One thing to keep in mind as you use these tools is they sometimes recommend things you don't want to do. Instead of treating failures of these tools as hard and fast rules, try to understand the intent behind the rule and disable it if you conclude it's not valuable. For example, it's popular for these tools to insist on a comment above every function; I've found unit tests on functions serve as more effective documentation, as they never get out of date, so I turn that rule off.

Continuous Integration

With a large set of automated tools to verify the system, it's important that they're frequently run and any failures are quickly corrected. For the main branch many people on a team are sharing, it's typically assumed that it's always fully passing.

This is achieved through tools that automatically execute code whenever specific events occur. These tools can do a lot of things, but what's relevant for this conversation is that they can be configured to execute all of the tests when a new piece of code is pushed to GitHub. Passing this execution is then made a requirement for getting Pull Requests accepted.
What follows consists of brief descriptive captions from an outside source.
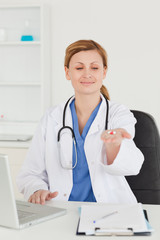 Attractive female doctor showing pills to the camera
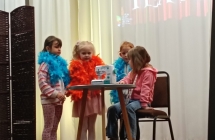 5. Trzy dziewczynki stoja w kolorowym boa, jedna siedzi przy stoliku, na ktorym stoi maszyna do szycia. Inscenizacja wiersza Kaczki
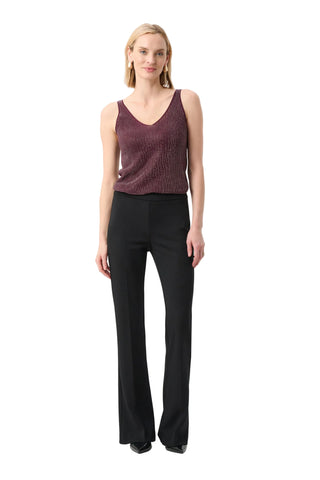 Woman wearing a maroon sleeveless top and black pants on a white background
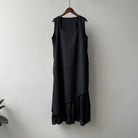 Black sleeveless hem stitching dress with asymmetrical ruffled hem on wooden hanger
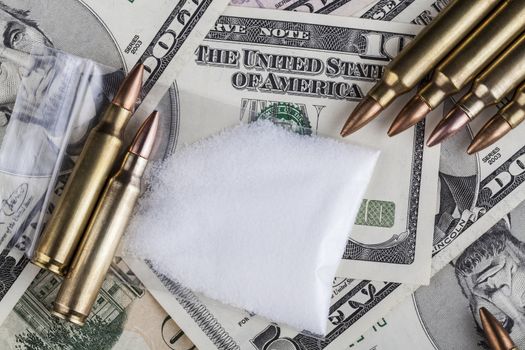 Bullets on dollar banknotes with a bag of white drug powder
This is known as continuous integration or CI, which is a bit historical in nature. In larger organizations, there's sometimes large changes that are ongoing for weeks or months in a separate branch. When those changes are finally ready to merge into the main branch, it can be challenging to integrate the changes with that main code. The typical solution is to instead merge these changes directly into the main branch, thus integrating continuously. The tooling grew out of the need, when a new change was merged, to recompile the application to ensure it still built successfully. These days, recompilation and integration don't happen in the same way in practice, but we're still stuck with this historical terminology.

Manual Testing

With all of this automated testing, it's tempting to cut out manual testing altogether. This is almost certainly a mistake, though, as there's often issues that don't become obvious until you actually work with the system involved. You don't need to extensively walk through every possible scenario, but you should at least follow the happy path.

If you find an issue during manual testing, though, that's a strong signal that you missed something in your tests. Rather than just go fix the problem, you should first work to replicate it through an automated test. This is the same process you should follow when solving a bug in the field, as in both cases you have direct evidence that a mistake like that is easy to make.

Front End Testing

Many people feel they need to test changes by walking through UI screens, in fact there's a lot of different tools out there to do just that. Sometimes this can be necessary, but often times it's more trouble than it's worth. We're interested in the core functionality of the system, not where a button appears on a page or if particular text is rendered.

UI testing and designing a system to avoid such tests is a rather advanced topic, outside the scope of this course. Getting practice writing tests is important, though, so as we move into a domain where testing is necessary I'll begin adding libraries to lead you down the right path. How to use these will be described in the issues we select for the week, and if you're not sure how to test something you should reach out so we can work out a strategy.